EXERCISE PROMPT:
After finding the line containing "a bedroom with" below, please output that line and each following one through the line containing "May include: A", exactly as written.

DATASET:
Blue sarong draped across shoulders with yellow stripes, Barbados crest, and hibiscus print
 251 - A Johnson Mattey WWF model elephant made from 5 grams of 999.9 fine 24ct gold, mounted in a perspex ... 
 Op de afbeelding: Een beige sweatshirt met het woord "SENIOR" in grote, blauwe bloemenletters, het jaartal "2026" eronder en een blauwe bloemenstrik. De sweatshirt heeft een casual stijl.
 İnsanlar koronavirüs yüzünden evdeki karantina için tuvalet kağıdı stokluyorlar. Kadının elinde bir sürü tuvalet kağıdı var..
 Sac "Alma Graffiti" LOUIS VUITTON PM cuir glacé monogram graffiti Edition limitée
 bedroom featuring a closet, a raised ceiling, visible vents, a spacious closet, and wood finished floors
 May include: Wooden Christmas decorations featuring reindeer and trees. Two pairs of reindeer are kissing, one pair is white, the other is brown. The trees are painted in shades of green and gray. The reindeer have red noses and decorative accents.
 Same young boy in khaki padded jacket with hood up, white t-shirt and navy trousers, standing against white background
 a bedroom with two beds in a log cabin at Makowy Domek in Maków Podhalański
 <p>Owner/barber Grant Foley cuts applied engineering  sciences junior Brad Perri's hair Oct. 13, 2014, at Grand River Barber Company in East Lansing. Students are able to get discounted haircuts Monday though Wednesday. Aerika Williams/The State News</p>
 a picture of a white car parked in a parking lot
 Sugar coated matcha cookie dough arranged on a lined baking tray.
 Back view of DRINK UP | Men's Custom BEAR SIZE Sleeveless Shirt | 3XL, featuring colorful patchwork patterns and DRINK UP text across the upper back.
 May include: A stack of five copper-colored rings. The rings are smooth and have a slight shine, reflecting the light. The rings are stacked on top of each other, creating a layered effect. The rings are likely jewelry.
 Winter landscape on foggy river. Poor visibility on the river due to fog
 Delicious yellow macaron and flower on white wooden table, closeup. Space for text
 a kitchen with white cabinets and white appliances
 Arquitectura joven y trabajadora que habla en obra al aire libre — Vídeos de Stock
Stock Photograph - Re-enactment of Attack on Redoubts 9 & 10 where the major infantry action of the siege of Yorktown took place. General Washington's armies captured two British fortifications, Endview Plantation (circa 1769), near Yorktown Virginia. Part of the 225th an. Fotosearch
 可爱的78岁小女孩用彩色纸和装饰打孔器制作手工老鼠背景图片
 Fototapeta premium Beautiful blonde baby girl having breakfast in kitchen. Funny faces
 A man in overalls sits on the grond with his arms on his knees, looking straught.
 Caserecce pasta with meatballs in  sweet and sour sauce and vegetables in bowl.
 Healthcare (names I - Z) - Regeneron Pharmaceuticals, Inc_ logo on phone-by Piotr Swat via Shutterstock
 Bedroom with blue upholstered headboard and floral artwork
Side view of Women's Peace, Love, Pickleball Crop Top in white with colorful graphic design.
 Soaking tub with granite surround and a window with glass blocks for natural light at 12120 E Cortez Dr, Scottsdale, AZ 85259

RESPONSE BOX:
 a bedroom with two beds in a log cabin at Makowy Domek in Maków Podhalański
 <p>Owner/barber Grant Foley cuts applied engineering  sciences junior Brad Perri's hair Oct. 13, 2014, at Grand River Barber Company in East Lansing. Students are able to get discounted haircuts Monday though Wednesday. Aerika Williams/The State News</p>
 a picture of a white car parked in a parking lot
 Sugar coated matcha cookie dough arranged on a lined baking tray.
 Back view of DRINK UP | Men's Custom BEAR SIZE Sleeveless Shirt | 3XL, featuring colorful patchwork patterns and DRINK UP text across the upper back.
 May include: A stack of five copper-colored rings. The rings are smooth and have a slight shine, reflecting the light. The rings are stacked on top of each other, creating a layered effect. The rings are likely jewelry.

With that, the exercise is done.